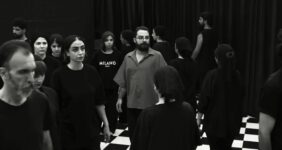 سوران احمدی با نمایش «بی/نا بینا» در عمارت هما روی صحنه می‌رود
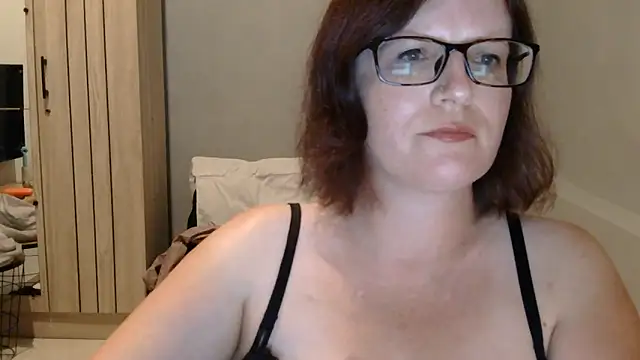 CrimsonMistress online show from 10/15/25, 11:24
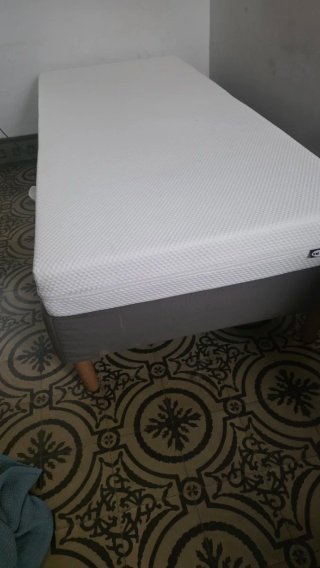 Base de cama tapizada gris y beige 90x200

▸ **TASK DIRECTIONS**: Output the whole listing without change. Any picture is to be left out.

▸ **EXPECTED ANSWER**:
 سوران احمدی با نمایش «بی/نا بینا» در عمارت هما روی صحنه می‌رود
 CrimsonMistress online show from 10/15/25, 11:24
 Base de cama tapizada gris y beige 90x200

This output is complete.